Abstract The cosmic-ray (CR) positrons and antiprotons are often regarded as the collision products of CR nucleons with the interstellar medium. However, the predicted fluxes of CR positrons and antiprotons by the conventional models are not consistent with the experimental data from PAMELA, Fermi-LAT, AMS-02, etc. In this work, we choose the latest AMS-02 data to analyze the astrophysical background of CR positrons and antiprotons. QGSJET-II-04 is chosen as the hadronic interaction model. The GALPROP package is used to solve the propagation equation numerically.
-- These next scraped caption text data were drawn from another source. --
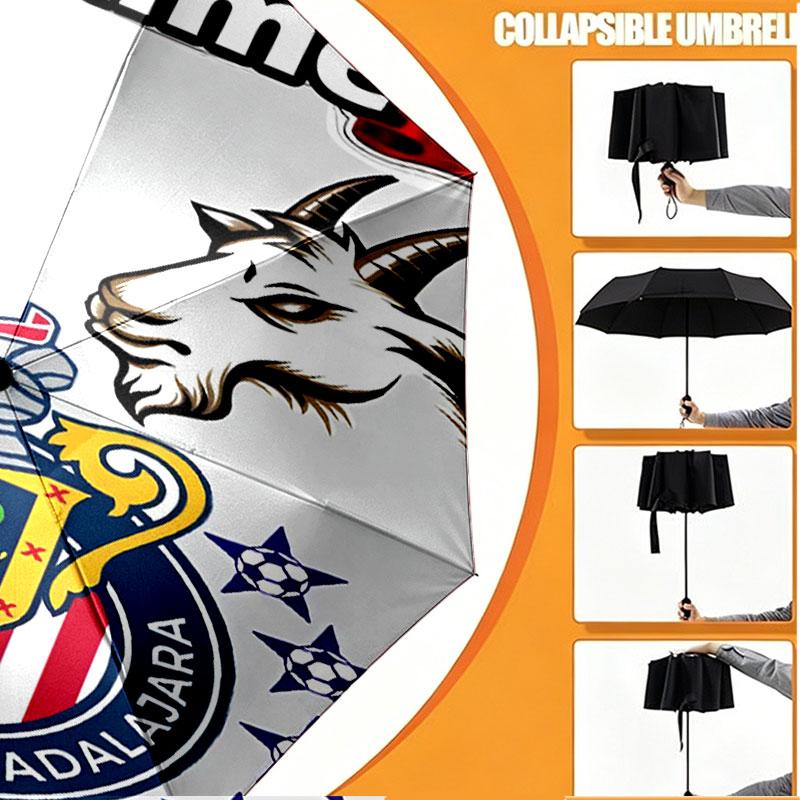 Custom Name Personalized Club Deportivo Guadalajara Print Umbrella, Auto Open Close, 8‑Rib Sturdy Frame, Commute Camping Hiking Use, Birthday Gift
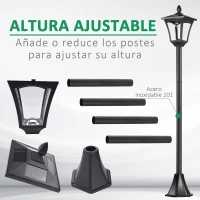 Outsunny Conjunto de 2 Luces Solares para Jardín con Panel Solar Encendido Automático Impermeable IP44 18x18x160 cm Negro(m-6)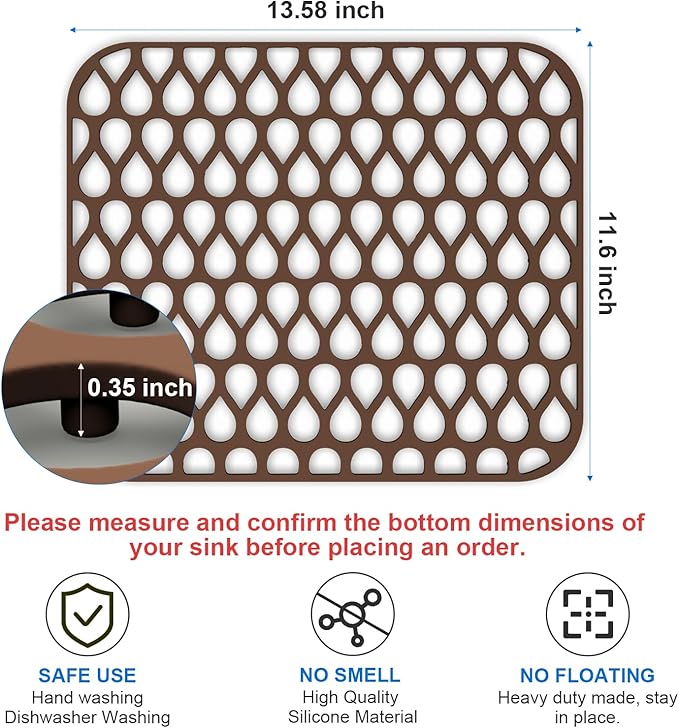 Sink Protectors for Kitchen Sink,TOOVEM 13.6"x11.6" Kitchen Sink Mats Large Silicone Sink Mats Grid for Bottom of Farmhouse Heat Resistant Silicone Coffee 1PCS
The results show that the predicted flux of CR positrons at low energies is consistent with AMS-02 data in the reacceleration and convection–diffusion (DCR) model. In the DCR model and the hadronic interaction model, QGSJET-II-04, the excess of CR antiprotons at low energies is excluded. The dark matter interpretation of the positron excess is analyzed with the total fluxes of CR electrons and positrons from AMS-02. The predicted best-fit mass of dark matter ranges from 400 GeV to 4 TeV. Moreover, in the above models the predicted flux of CR protons is completely consistent with AMS-02 data, which matches the hardening feature above 330 GeV.